COLLECTED DATA:
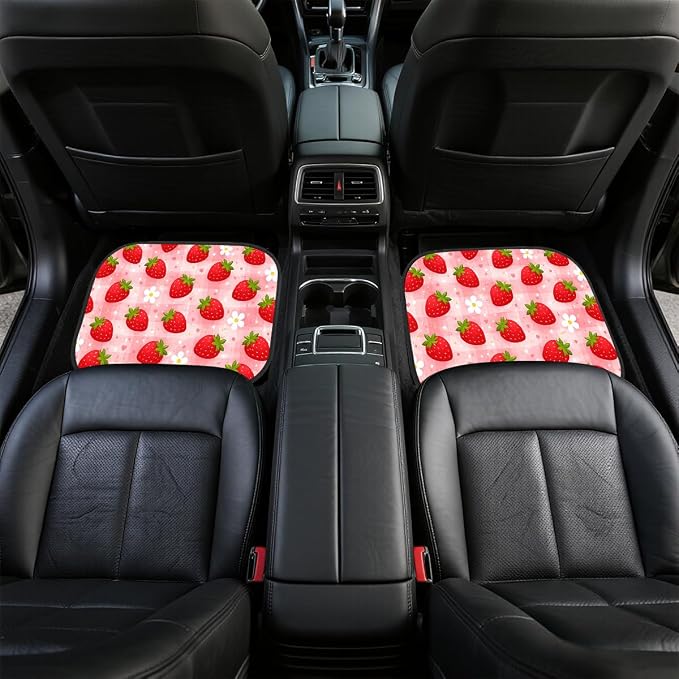 Mushroom Car Floor Mats Set of 4 Red Moon Star Night Wildflower Magic Automotive Foot Mats Rugs Carpet for Car Non-Slip Auto Car Accessories Universal Fit for Car SUV Truck Van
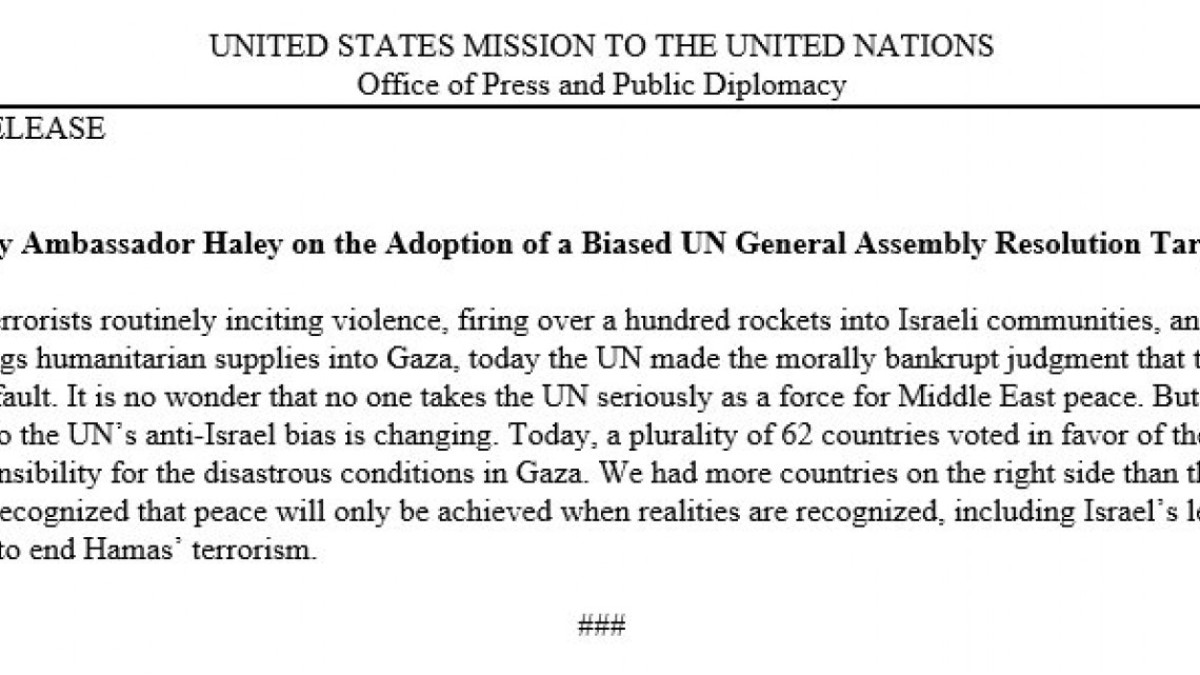 ONU aprueba una resolución de condena a Israel por su "fuerza excesiva" en Gaza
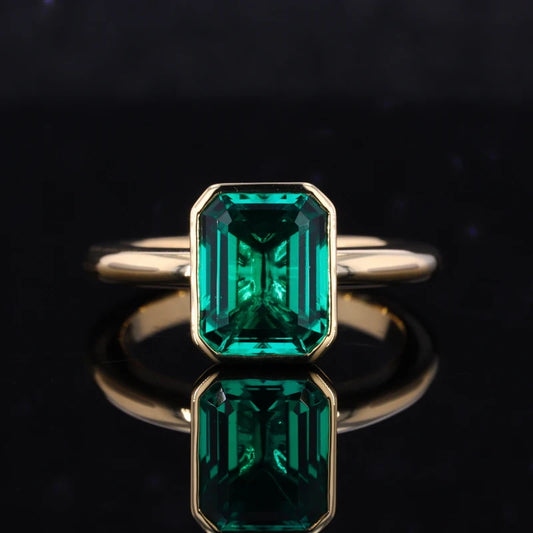 8*12mm Emerald Cut Emerald Solitaire Bezel Set Ring in 18K Solid Yellow Gold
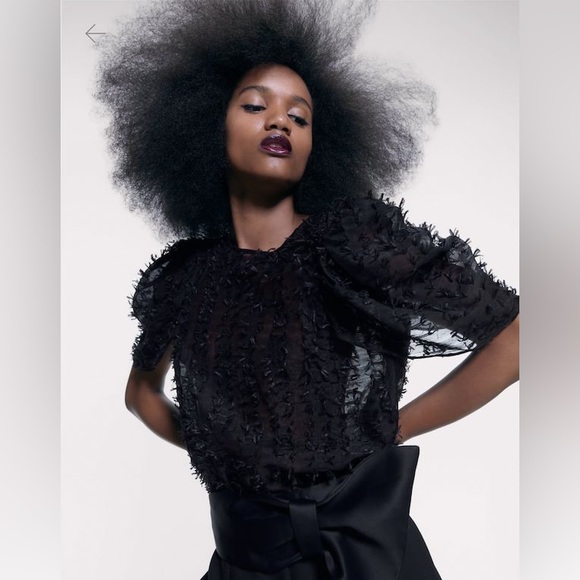 Zara Tops - NWT Zara Fringed Sheer Blouse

TASK TO COMPLETE:
Everything from the line containing "8*12mm Emerald Cut" through the last line of the listing above must be output exactly, except the pictures.

SOLUTION:
 8*12mm Emerald Cut Emerald Solitaire Bezel Set Ring in 18K Solid Yellow Gold
 Zara Tops - NWT Zara Fringed Sheer Blouse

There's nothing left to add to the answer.